Opening Cross: Data: Currency of the New Age (or "Quantum Dawn 2: Revenge of the Hackers")

It’s hard to believe we’re already halfway through 2013—which many thought would be a return to form for the industry. And while it has yielded a return for indicators like the Dow Jones Industrial Average and some banks that reported record profits, that isn’t trickling down to many divisions that keep the firms running.
In an electronic age, what keeps many firms running is security. In everyday life, security software safeguards our financial information when shopping online, to prevent identity theft, or hackers hijacking our email or computers. Capital markets are much the same, but with a lot more data and money at stake. Client data is sacrosanct, and it’s the potential harm someone can do with that information that offers a scary scenario for brilliant yet unscrupulous minds.
In a virtual roundtable in the first issue of IMD this year, I predicted serious impacts from cyber-terrorism events on major exchanges, and a regulatory “firewall” for real-time monitoring against any disruptive activity. And it seems that at least some of that prediction is coming true.
On July 18, the Securities and Financial Markets Association organized a cyber-security preparedness exercise—with the summer blockbuster-like title Quantum Dawn 2—involving 50 organizations, including financial firms, exchanges, utilities, the US Department of the Treasury, the Securities and Exchange Commission, the Department of Homeland Security, and the FBI, to test the industry’s crisis response and communications plans in the event of a “systematic cyber attack.”
The financial markets’ ability to withstand these attacks is not only a security requirement; it also has a big impact on the trust placed in its institutions by investors, which has already deteriorated in the US in the second quarter of 2013, according to Thomson Reuters’ TRust Index—possibly a result of concerns over quantitative easing and interest rates.
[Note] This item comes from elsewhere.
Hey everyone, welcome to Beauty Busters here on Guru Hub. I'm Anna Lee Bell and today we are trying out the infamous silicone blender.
Trust in Asian financial institutions also deteriorated, ostensibly due to fears about China’s “shadow banking” system and a liquidity crisis. But other factors are affecting the region’s trustworthiness: According to a report from Hollywood, Fla.-based Prolexic Technologies, a provider of Distributed Denial of Service (DDOS) attack protection, China is the largest source of DDOS attacks, which increased 33 percent over 2012, while duration increased 123 percent, and bandwidth utilized increased 925 percent.
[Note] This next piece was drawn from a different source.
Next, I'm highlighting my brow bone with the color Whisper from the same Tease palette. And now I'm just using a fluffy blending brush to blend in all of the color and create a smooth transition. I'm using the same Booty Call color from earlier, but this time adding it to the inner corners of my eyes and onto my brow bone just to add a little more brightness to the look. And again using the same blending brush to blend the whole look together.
While many attacks swamp organizations’ websites with traffic to force them offline, others are more sophisticated, designed to disrupt a company’s—or marketplace’s—operations, while others simply look for ways to steal data. For example, hackers compromised one of Nasdaq’s investor discussion forum sites last Monday, July 18. And Nasdaq isn’t alone. According to a report from IOSCO and the World Federation of Exchanges, 53 percent of exchanges surveyed experienced a cyber attack in the past year, including one on the National Market System that made corporate filing information unavailable, making securities illiquid and forcing a trading halt.
In the latest case, the hackers made off with investors’ login details to the forum—though not access any other Nasdaq systems—before the exchange detected the breach and alerted forum members. This data is useful if people use the same passwords elsewhere. But also, if you consider what precipitated the so-called Hash Crash, imagine hacking the Twitter feeds of influential investors who may lack the real-time oversight of the Associated Press: a fake tweet could exercise an disastrous amount of influence on sudden price movements. Sentiment analysis providers filter out unverified tweets, but can they handle fake—but credible—messages from a verified source?
As these sources of insight emerge as a new generation of market data, they bring new potential for market manipulation. Just as traders are seeking to find value from all and any information source to exploit the markets, others are doing exactly the same with illegally-obtained data to disrupt those same markets.